So, to return to my initial research questions. As I have discussed above, I effectively addressed the relation between representations of celebrity, discourses of personal identity and capitalist power relations in Chapters Two and Four. I also related this specifically to constructions of femininity, female experience and female identity, (again in Chapters Two and Four). Chapter Two provided the theoretical backdrop, and Chapter Four, Part One provided the illustration and critical analysis of how, specifically, normative images of femininity are produced and maintained in celebrity magazines. Chapter Four, Part One also allowed me a detailed analysis of Heat, which I think was more rewarding than attempting an overview of magazines in general. Regarding readership, Chapter Two allowed me to critically engage with debates and arguments around agency, active and passive interpretations and subjectification. These were then developed in Chapter Four, Part Two, considering whether dominant modes of distance, irony, criticism and relativity can offer the foundation for forms of critique of the dominant modes of representation discussed above. Chapter Two considered performativity to give me a theoretical backdrop for the performance of gender in everyday ritual but I feel this was not as well developed in Chapter Four, Part Two. It proved easier to focus on representations and readings of the magazines, than on lifestyle and the performance of femininity in general. This reflects the fact that my initial scope was too broad and a detailed examination of performativity in relation to practical audience research would be another direction to take further research. It is interesting how work around performativity and gender focuses mainly on gay identities (Parker and Sedgwick 1995: 6-9) and on more obviously staged and exaggerated performance such as drag acts or body art (for example Parker and Sedgwick 1996: 173-197).

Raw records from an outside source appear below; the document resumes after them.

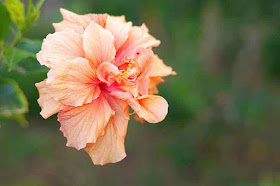 orange hibiscus, flower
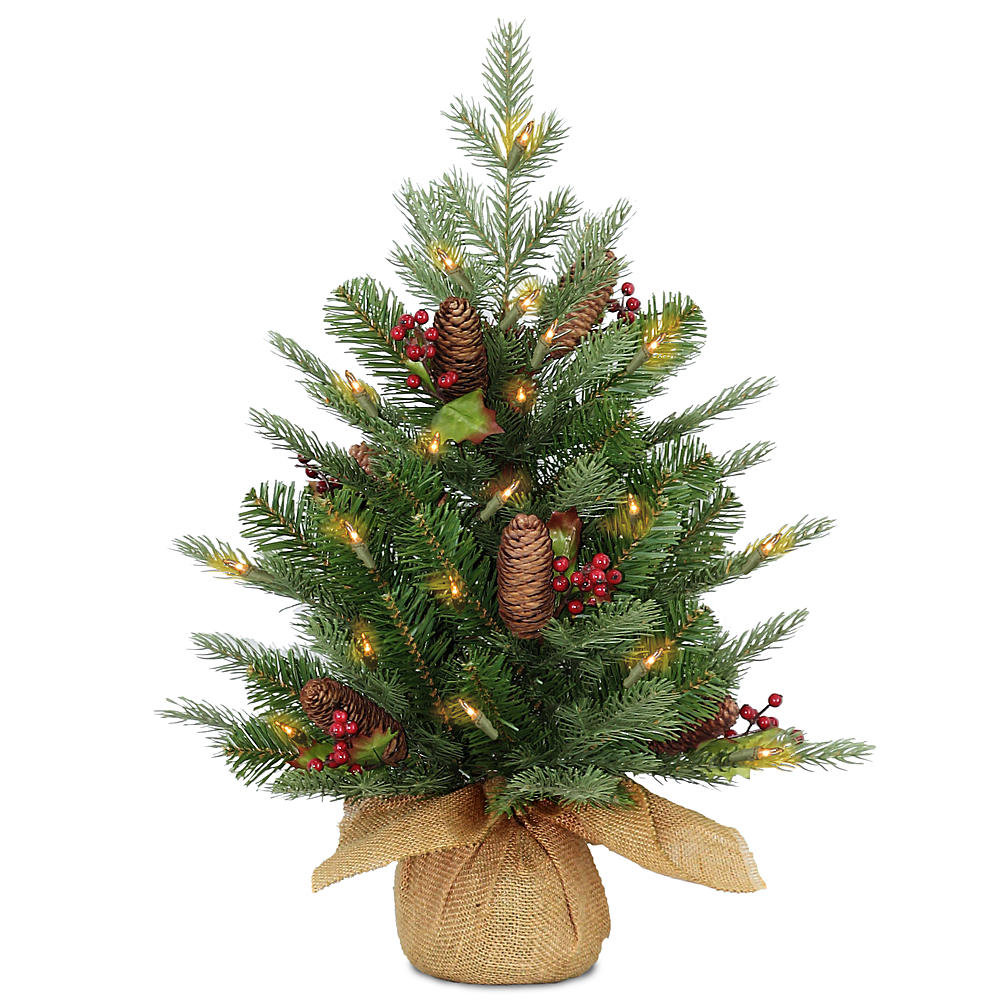 National Tree Co. 2' Nordic Spruce Christmas Tree with Clear Lights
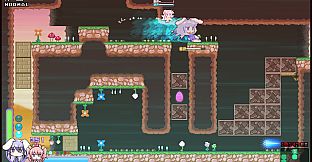 Rabi-Ribi - Is the order a DLC?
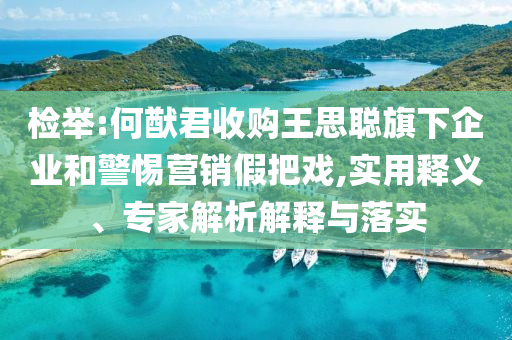 檢舉:何猷君收購(gòu)?fù)跛悸斊煜缕髽I(yè)和警惕營(yíng)銷假把戲,實(shí)用釋義、專家解析解釋與落實(shí)
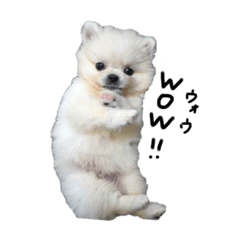 [LINEスタンプ] ポメペキのポム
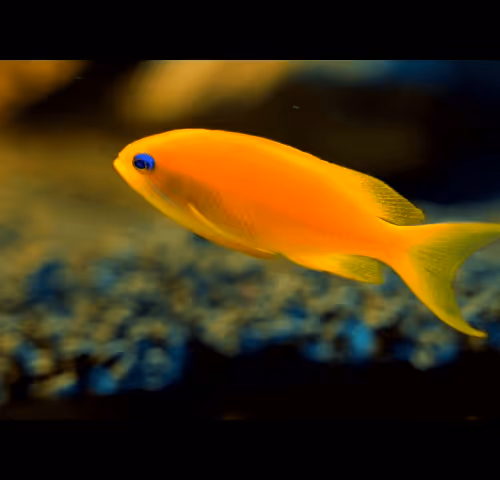 Item #96480669494729619262661189301568248367107544243964914039235424947376672997377 Media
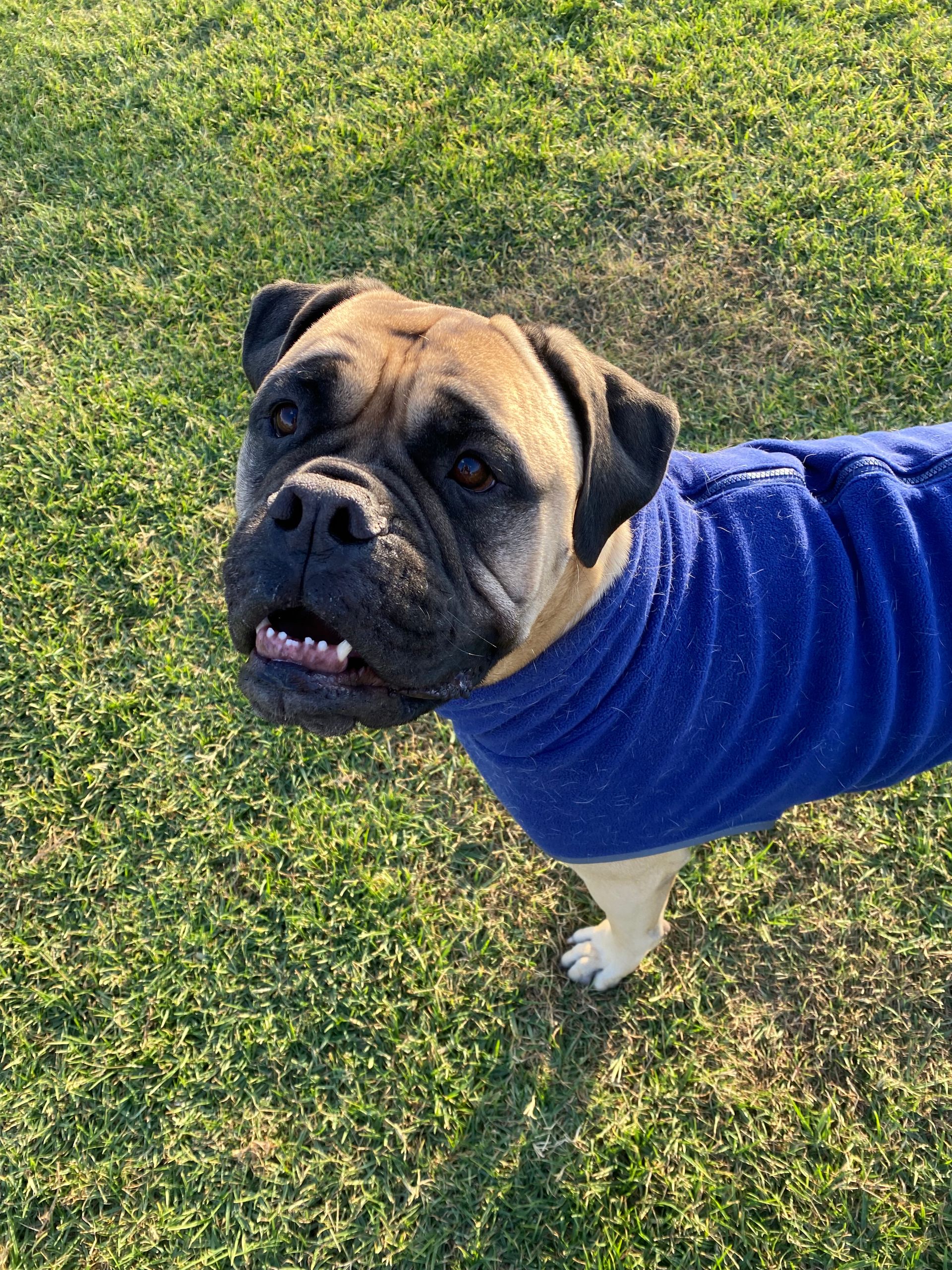 Dog Boarding Kennels Tamworth Precious Pets Boarding Kennels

This suggests that there is potential for further research within the domain of everyday rituals relating to the performance of hetereosexual identities within the range on display in celebrity magazines, although it has been without the scope of this project to cover it here.

 

What has emerged however is a series of paradoxes, which are evident on a representational level, and play into modes of reading. Foucault’s work has proved key here. My analysis has shown how power flows through social processes and interactions, and it is interesting that Foucault spoke about the form of the magazine specifically, “ a magazine ought to make possible…the instruments for polymorphic, varied and individually modulated relationships” (Foucault 2000: 139). Here he positions the magazine not as monolithic imposer of dominant norms but as offering the possibility of a playful engagement with discourses of gender or the self. As Gauntlett argues in his analysis of Foucault:

 

Magazines seem to be mentioned here because they can playfully make suggestions about lifestyles without becoming overly prescriptive. Foucault did not want anything as rigid as a ‘programme of proposals’ because it could become a set of laws, which would be quite contrary to the openness and creativity needed [for change]

(Gauntlett 2008: 132)

 

This ‘playful’ aspect of the magazine has emerged in my research, and may be a more productive mode of categorization than that of irony or criticism. For Foucault, the magazine offers a way of playing with the gender roles it proposes, produces and takes apart within its pages. He places this play, not on the side of the exercise of power, but on the side of resistance, which for Foucault is inevitably produced,  “where there is power there is resistance” (Foucault 1998: 95) This resistance, as Gauntlett explains is productive, “it causes things to happen (which are not necessarily the consequences intended by the original agent)” (Gauntlett 2008: 133). This suggests the potential of thinking of different modes of agency actually within, or actively produced by, celebrity discourse. Gauntlett goes on, “In modern life, Foucault suggests, we have to establish an ethics and mode of living…the possibilities are virtually endless, but not always visible to us” (Gauntlett 2008: 133). What this form of agency necessitates is a mode of experimentation. We cannot know in advance what modes of subjectivity may be possible, so this play, or experiment, becomes vital in fashioning modes of resistance, not according to pre-planned parameters, but in relation to the as yet unknown, and unlike the determininistic framework proposed by, say, the Frankfurt School making change possible.

 

This focus on experiment in subjectivity is developed in the work of Felix Guattari. He analyses a shift away from the determining relation of the dominant power to the subject, and focuses more on creative acts of production which enable productions of subjectivity or ‘mutant centres of subjectification’ away from the norm. (Guattari1996).  For Guattari, “at best, there is creation, invention”  (Guattari 1996: 199) and this informs his focus on the “ethico-aesthetic paradigm” (Guattari 1996: 200) or active production of modes of living. These are not unified but multivalent “diverse possibilities for recomposing existential corporeality”  (Guattari 1996: 201) and relative, “every social group conveys it own system of modelising subjectivity” (Guattari 1996: 201). One aspect highlighted by Guattari as a potential technology of producing subjectivity is the  “reappropriation and resingularisation of the use of the media” (Guattari 1996: 199). While Foucault may propose the playful performance of magazine reading as one such re-appropriation, my reader research suggests otherwise. Although readers may be critical or disengaged in readings, they have little desire or capacity for actively challenging the images on offer. Such modes of agency as proposed by Guattari may well be extended to everyday but my research has not proved this. It may well be a case of doing something rather than asking others. Guattari privileged art practices for example, as the production of affects discordant with capitalism’s actualization of potential. There also however other modes of experimentation and reappropriation.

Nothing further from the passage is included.